New images of 2014 MU69 (Ultima Thule’s official designation), taken when New Horizons was still about 500,000 miles away, looks like a blurry peanut pod.
However, it was enough to give the mission scientists a refined estimation of its size, which they worked out to be roughly 22 miles (35 kilometers) long and 9.3 miles (15 kilometers) wide.
“Even though it’s a pixelated blob still,” said Project Scientist Dr. Harold Weaver, Jr., adding, “it’s a better pixelated blob.”
“The [lower resolution] images that come down this week will already reveal the basic geology and structure of Ultima for us, and we’re going to start writing our first scientific paper next week,” Stern told reporters.
Another question that the low-res pics helped answer was why Ultima Thule emitted a steady light as the NASA probe approached, instead of rhythmically dimming and brightening as a spinning object is expected to do.
It was because the spacecraft’s onboard camera was front-on with one of the poles of Ultima Thule, meaning the reflected sunlight was coming from the same side all along.
“It’s almost like a propeller blade,” said Weaver, adding, “That explains everything.”

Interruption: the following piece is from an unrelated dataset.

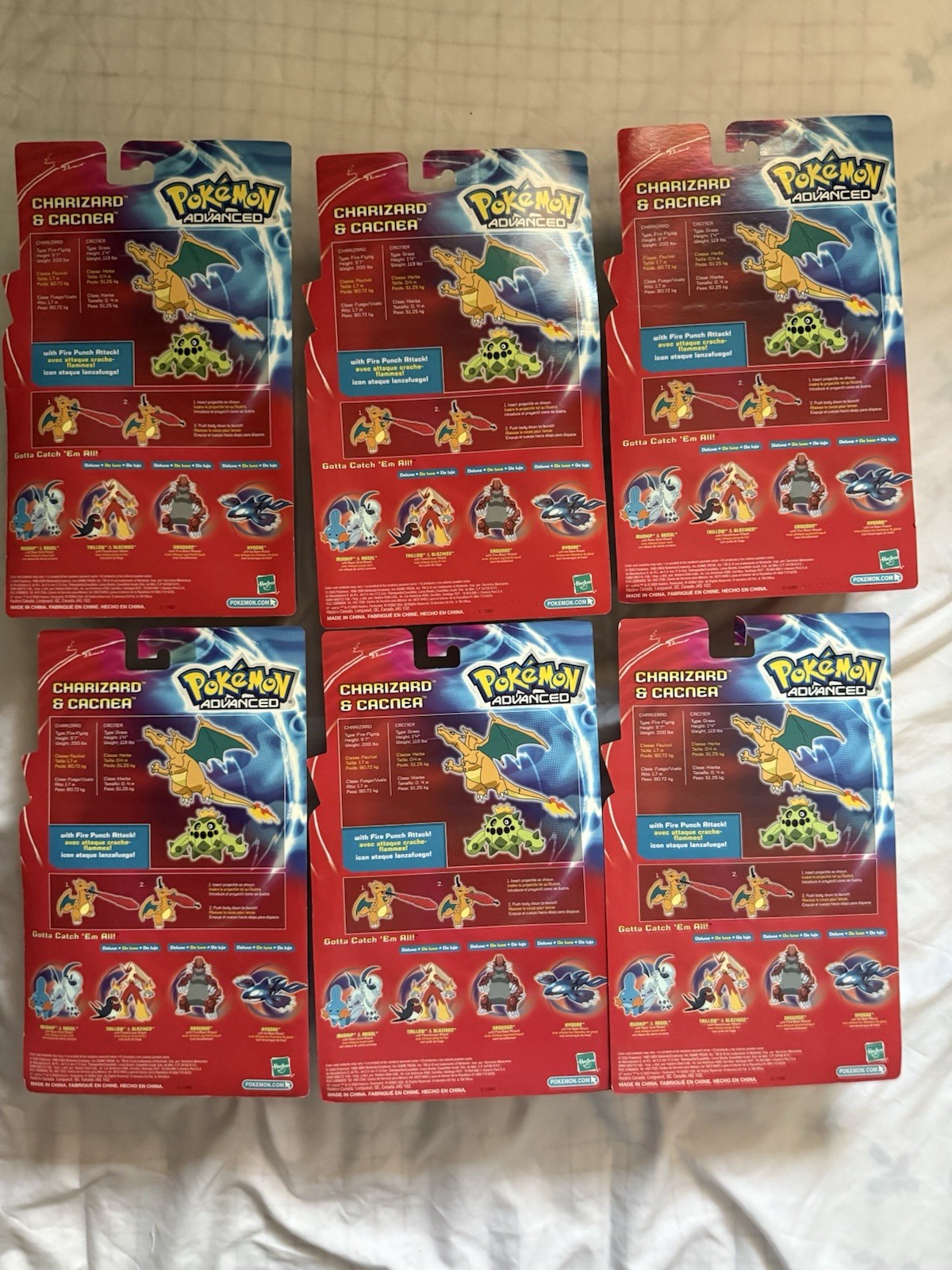 2003 Hasbro Pokémon Advanced Charizard & Cacnea Battle Figure Set NIB Seal Rare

One burning question, however, remains unanswered: Is Ultima Thule a single object, or two separate bodies orbiting in a tight configuration, or, two connected KBO’s, like conjoined twins?
However, Stern and Weaver are of the opinion that Ultima Thule is more likely a single object.
“If I’m wrong, I’ll tell you tomorrow,” Dr. Stern said.
“If it’s two separate objects, this would be an unprecedented situation, in terms of how close they’re orbiting one another,” he said.
“It’d be spectacular to see, and I’d love to see it, but I think the higher probability is that it’s a single body,” Stern added.
As more and more data is beamed back in the days and months ahead, scientists will be able to understand a lot about this ancient object, like, for example, the number of craters it has, if any; the composition of its surface material; whether there are any moons orbiting it, or rings around it,’ and more.
The New Year’s Day flyby has made Ultima Thule, which dates back to our solar system’s origin 4.5 billion years ago, the most distant object ever to be visited by a human-made spacecraft.
As distant and tiny as it is, this KBO has largely remained a mystery for scientists, which they are hoping to unravel more of with each passing day as New Horizons continues its data gathering mission.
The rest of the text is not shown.